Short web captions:
************

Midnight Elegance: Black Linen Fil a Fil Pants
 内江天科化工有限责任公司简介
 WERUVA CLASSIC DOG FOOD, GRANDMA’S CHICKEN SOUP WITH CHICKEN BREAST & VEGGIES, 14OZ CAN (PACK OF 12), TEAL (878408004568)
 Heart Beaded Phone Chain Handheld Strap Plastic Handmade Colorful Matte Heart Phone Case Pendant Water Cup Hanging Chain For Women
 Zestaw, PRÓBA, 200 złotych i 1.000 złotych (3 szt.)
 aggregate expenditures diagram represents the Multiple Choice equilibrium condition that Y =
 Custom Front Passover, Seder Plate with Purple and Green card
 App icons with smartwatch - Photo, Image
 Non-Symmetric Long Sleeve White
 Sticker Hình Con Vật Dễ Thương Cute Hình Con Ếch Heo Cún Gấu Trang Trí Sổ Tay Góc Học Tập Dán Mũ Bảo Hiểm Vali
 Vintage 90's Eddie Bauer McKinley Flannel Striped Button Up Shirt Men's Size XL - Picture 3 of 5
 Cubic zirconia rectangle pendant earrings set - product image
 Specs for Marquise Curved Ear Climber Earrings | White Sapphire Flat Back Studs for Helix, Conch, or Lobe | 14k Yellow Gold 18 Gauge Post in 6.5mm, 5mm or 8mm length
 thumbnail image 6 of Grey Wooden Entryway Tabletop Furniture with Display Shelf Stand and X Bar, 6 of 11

************

## Problem requirements
Repeat what the records above say. Use their exact words.

## Exercise output
Midnight Elegance: Black Linen Fil a Fil Pants
 内江天科化工有限责任公司简介
 WERUVA CLASSIC DOG FOOD, GRANDMA’S CHICKEN SOUP WITH CHICKEN BREAST & VEGGIES, 14OZ CAN (PACK OF 12), TEAL (878408004568)
 Heart Beaded Phone Chain Handheld Strap Plastic Handmade Colorful Matte Heart Phone Case Pendant Water Cup Hanging Chain For Women
 Zestaw, PRÓBA, 200 złotych i 1.000 złotych (3 szt.)
 aggregate expenditures diagram represents the Multiple Choice equilibrium condition that Y =
 Custom Front Passover, Seder Plate with Purple and Green card
 App icons with smartwatch - Photo, Image
 Non-Symmetric Long Sleeve White
 Sticker Hình Con Vật Dễ Thương Cute Hình Con Ếch Heo Cún Gấu Trang Trí Sổ Tay Góc Học Tập Dán Mũ Bảo Hiểm Vali
 Vintage 90's Eddie Bauer McKinley Flannel Striped Button Up Shirt Men's Size XL - Picture 3 of 5
 Cubic zirconia rectangle pendant earrings set - product image
 Specs for Marquise Curved Ear Climber Earrings | White Sapphire Flat Back Studs for Helix, Conch, or Lobe | 14k Yellow Gold 18 Gauge Post in 6.5mm, 5mm or 8mm length
 thumbnail image 6 of Grey Wooden Entryway Tabletop Furniture with Display Shelf Stand and X Bar, 6 of 11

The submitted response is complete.